In Thoreau's view, most people have dedicated their lives to unimportant goals, e.g. accumulating wealth.
By a seeming fate, commonly called necessity, [men] are employed, as it says in an old book, laying up treasures which moth and rust will corrupt and thieves break through and steal.1 It is a fool's life, as they will find when they get to the end of it, if not before.
Besides being dull, these goals are also difficult or impossible to fully satisfy, leading these people to judge themselves as failures even by their own standards. Hence, Thoreau's famous assertion that "[t]he mass of men lead lives of quiet desperation".
Because these people cannot imagine an alternative, meaningful way of living—because they "honestly think there is no choice left"—they do not (in Thoreau's opinion) learn anything useful from their experiences. They spend their entire lives barking up the wrong tree. Thus, age does not bring wisdom.
Practically, the old have no very important advice to give the young, their own experience has been so partial, and their lives have been such miserable failures... I have lived some thirty years on this planet, and I have yet to hear the first syllable of valuable or even earnest advice from my seniors. They have told me nothing, and probably cannot tell me any thing, to the purpose. [...] If I have any experience which I think valuable, I am sure to reflect that this my Mentors said nothing about.
If we accept the premise that our elders and ancestors gave us a poor example of how to live life, and that we shouldn't follow in their footsteps, then the only logical alternative (which is what Thoreau proposes) is to blaze a new trail and do the things they didn't do.
What old people say you cannot do, you try and find that you can. Old deeds for old people, and new deeds for new.
When Thoreau contrasts "old people" with "new [people]", he doesn't simply mean seventy-year-olds versus twenty-year-olds, although there is an element of that. The "new [people]" are, in Thoreau's vision, a new kind of people, making a clean break from a species of "tedium and ennui" that is "as old as Adam".

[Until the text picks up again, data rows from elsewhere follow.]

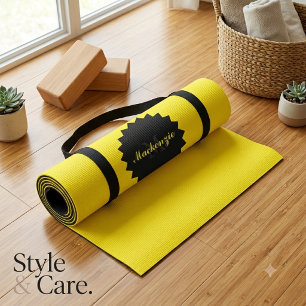 Nom et initiale sur tapis de yoga jaune ensoleillé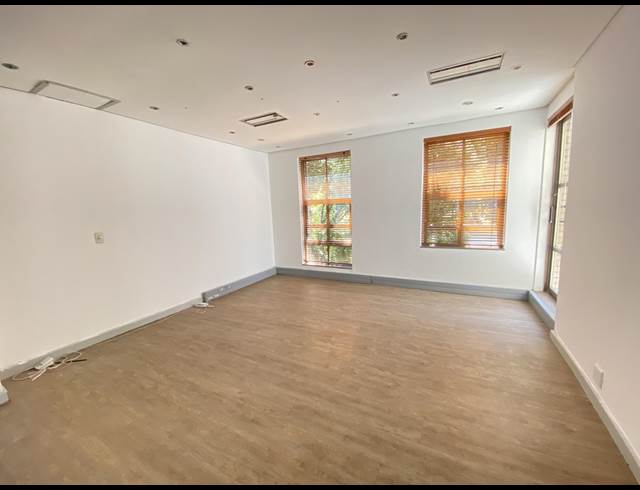269M² OFFICE TO LET IN RONDEBOSCH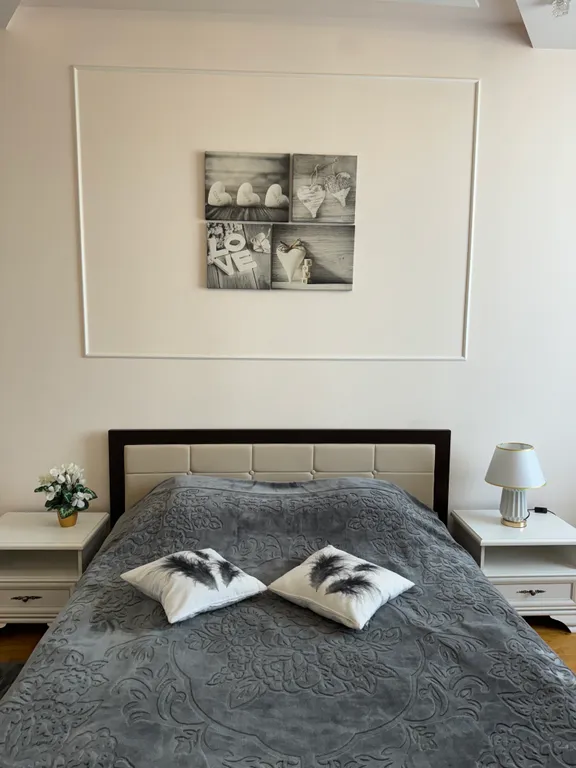 Красивая трёхкомнатная квартира в центре с видом на площадь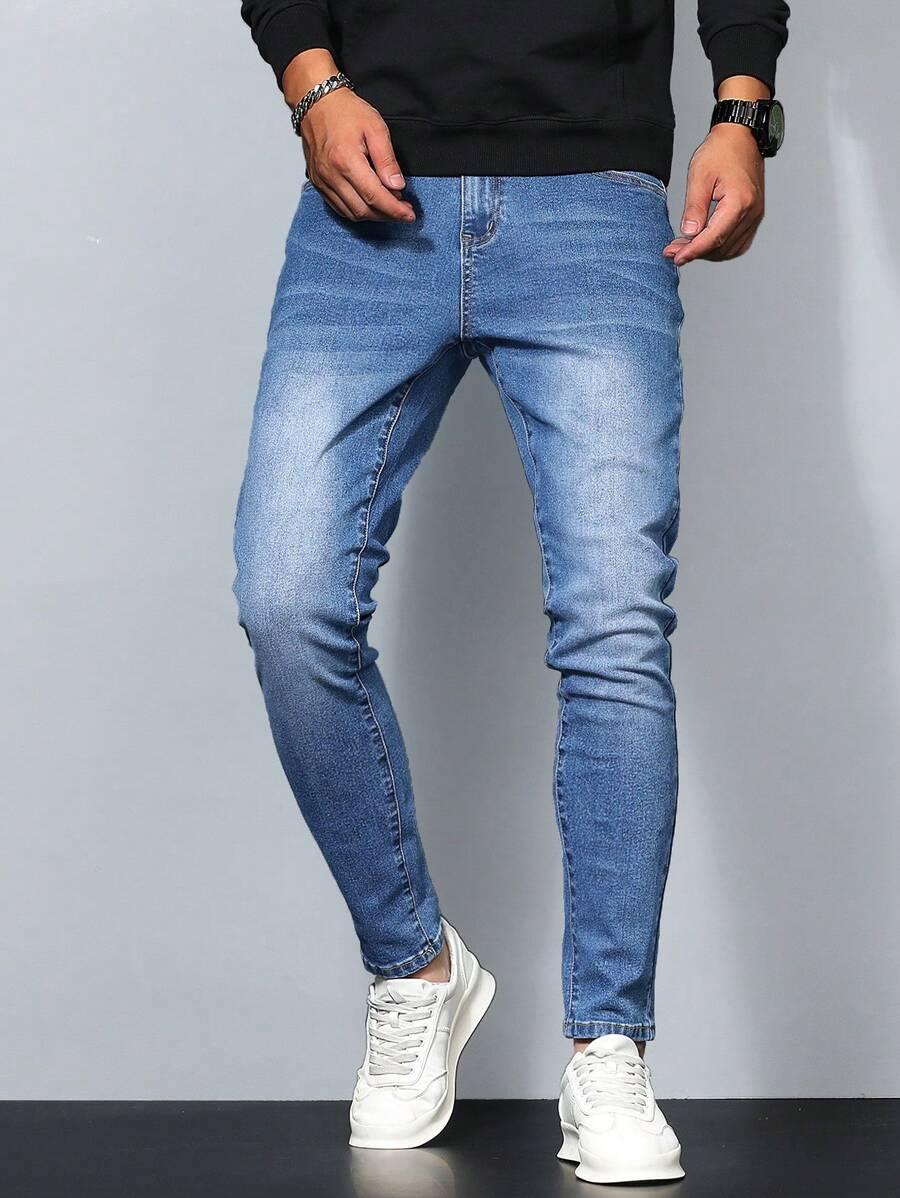 niebieskie spodnie jeans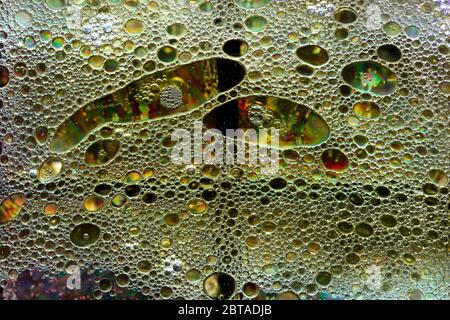 una fantastica vista dall'alto delle bolle d'acqua, macro shot Foto Stock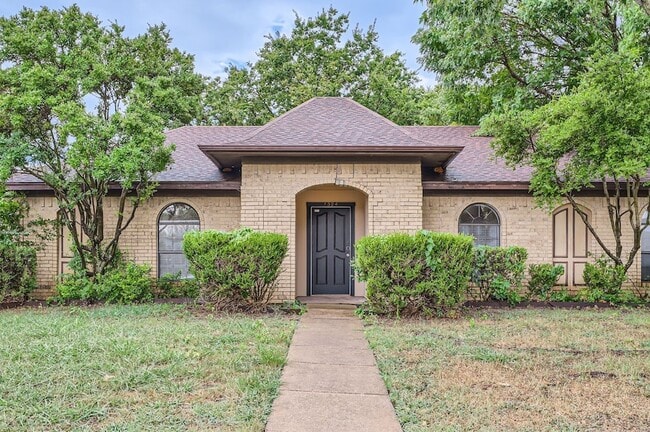 1304 Seabrook Dr in Plano, TX - Building Photo - Building Photo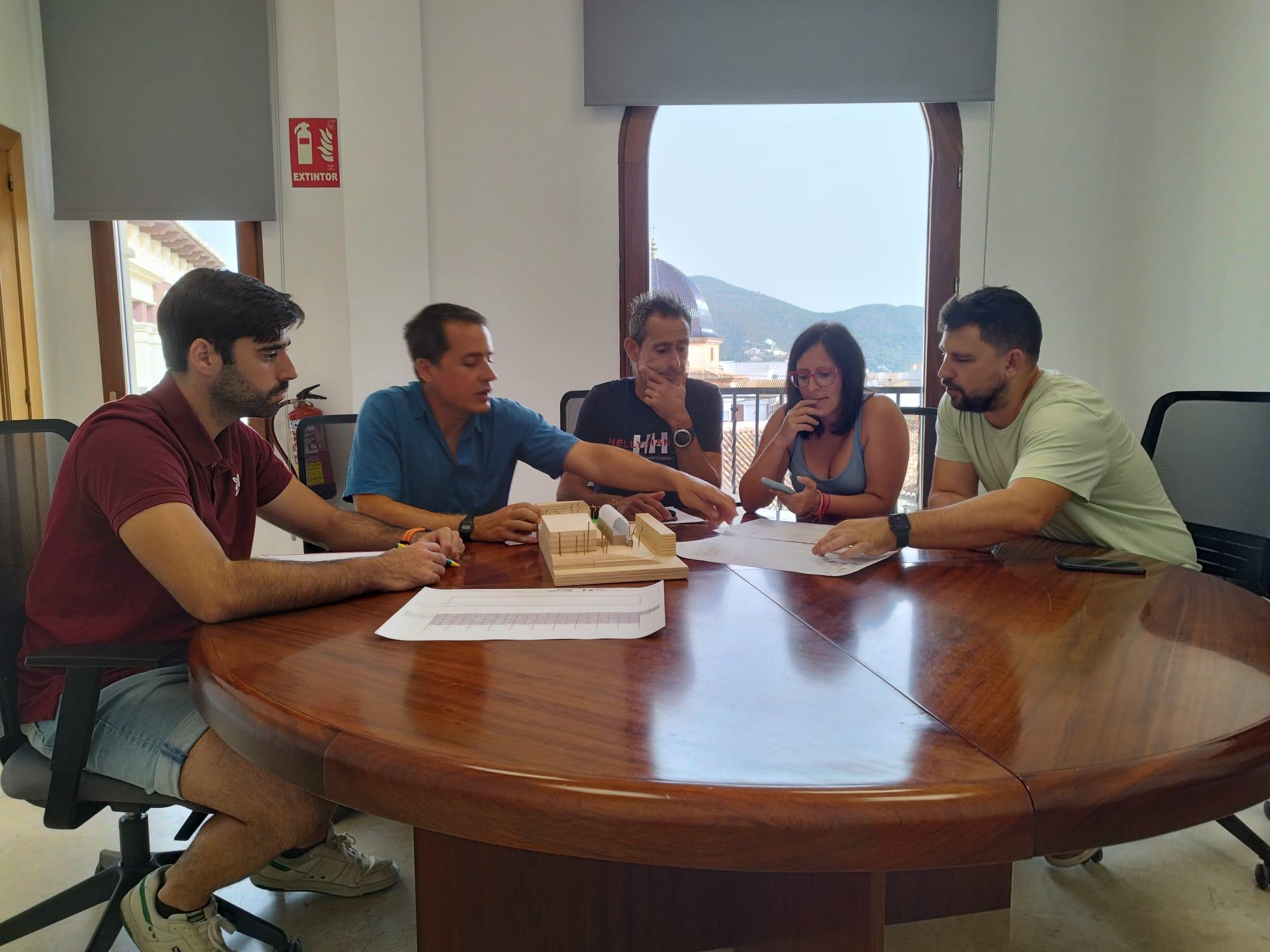 El futur trinquet municipal de Pego continua prenent forma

...man's capacities have never been measured; nor are we to judge of what he can do by any precedents, so little has been tried.
In short, Thoreau is calling for a kind of spiritual progress.
As an aside, the phrasing of the bolded sentence reminds me somewhat of that biblical metaphor about putting new wine into new wineskins (or "bottles", in the King James Version). This might be intentional, since Thoreau makes other biblical allusions in the text, but I could be reading too much into it. Judge for yourself:
Neither do men put new wine into old bottles: else the bottles break, and the wine runneth out, and the bottles perish: but they put new wine into new bottles, and both are preserved.
And no man putteth new wine into old bottles: else the new wine doth burst the bottles, and the wine is spilled, and the bottles will be marred: but new wine must be put into new bottles.